** What you have to do **
An exact copy of every record below is required, with the pictures left out.

#### Exercise inputs ####

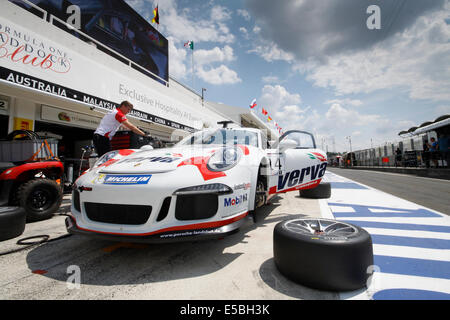 Magyorod, Hungaroring, Hongrie. 26 juillet, 2014. Porsche Mobil 1 Supercup série course sur circuit Hungaroring. Kuba Giermaziak (POL) VERVA Lechner Racing Team Crédit : Piotr Zajac/Alamy Live News Banque D'Images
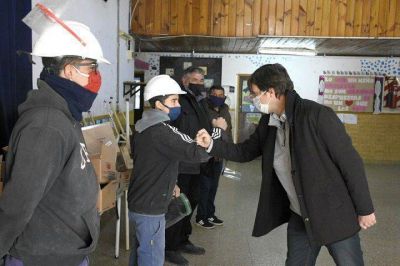 Mor�n | Lucas Ghi supervis� obras de mejoras en escuelas del distrito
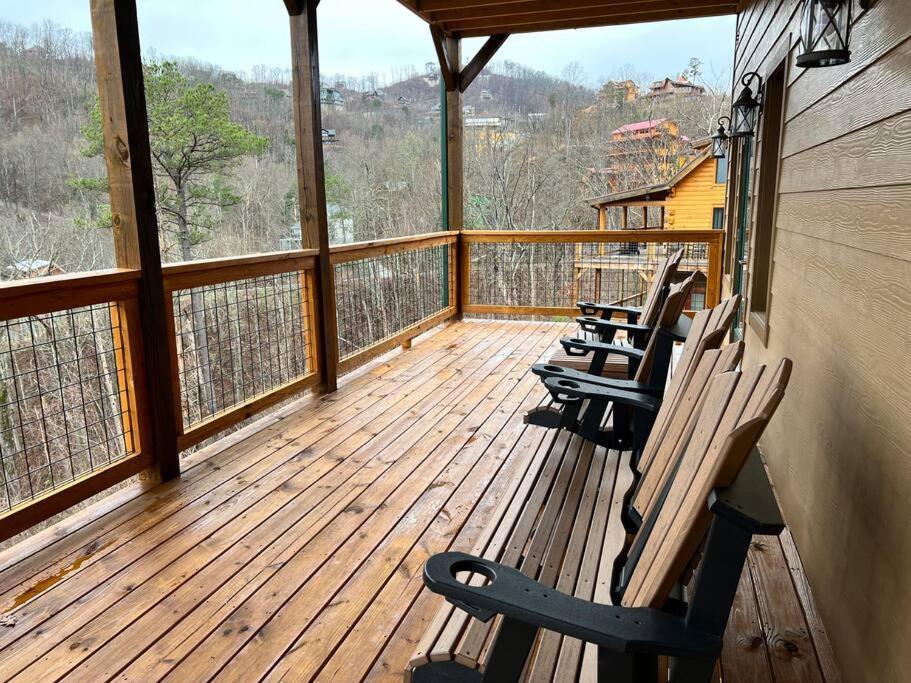 * * 4 Master Bedrooms, Views, Theater, Arcade, Evc Gatlinburg Buitenkant foto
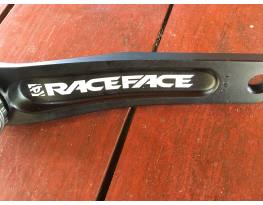 Race Face integrált hajtómű + csapágy. eladó    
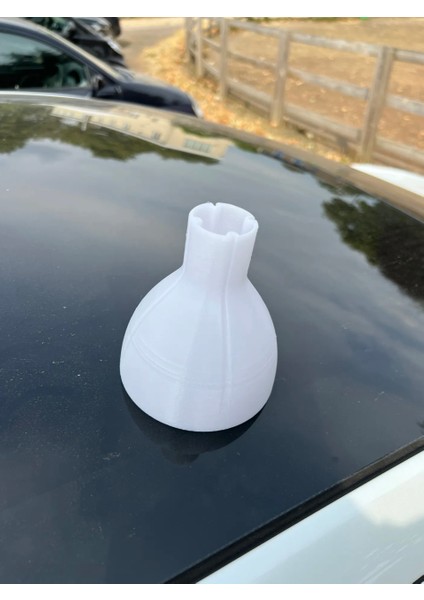 Tesla Model Y Cam Suyu Hunisi - Pratik Dökmeden Dolum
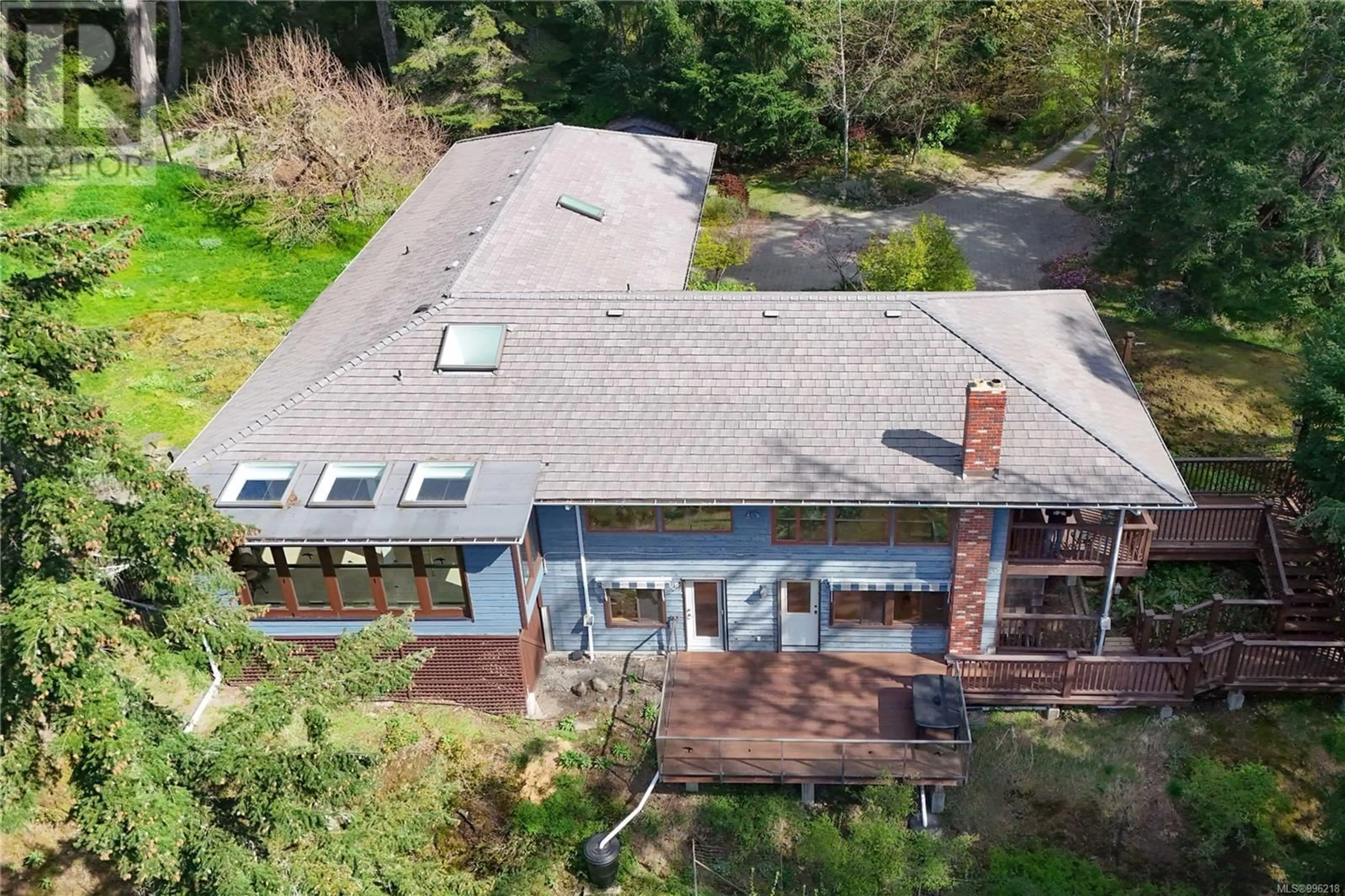 A pic from outside/outdoor area/front of a property/back of a property/a pic from drone, building for 332 SKY VALLEY ROAD, Salt Spring British Columbia V8K2C3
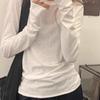 T-shirt Bianca a Maniche Lunghe con Bordo Arrotolato da Donna Sottile e Modellante Maglia di Base Top Semplice e di Alta Gamma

####

** Solution to this task **
 Magyorod, Hungaroring, Hongrie. 26 juillet, 2014. Porsche Mobil 1 Supercup série course sur circuit Hungaroring. Kuba Giermaziak (POL) VERVA Lechner Racing Team Crédit : Piotr Zajac/Alamy Live News Banque D'Images
 Mor�n | Lucas Ghi supervis� obras de mejoras en escuelas del distrito
 * * 4 Master Bedrooms, Views, Theater, Arcade, Evc Gatlinburg Buitenkant foto
 Race Face integrált hajtómű + csapágy. eladó    
 Tesla Model Y Cam Suyu Hunisi - Pratik Dökmeden Dolum
 A pic from outside/outdoor area/front of a property/back of a property/a pic from drone, building for 332 SKY VALLEY ROAD, Salt Spring British Columbia V8K2C3
 T-shirt Bianca a Maniche Lunghe con Bordo Arrotolato da Donna Sottile e Modellante Maglia di Base Top Semplice e di Alta Gamma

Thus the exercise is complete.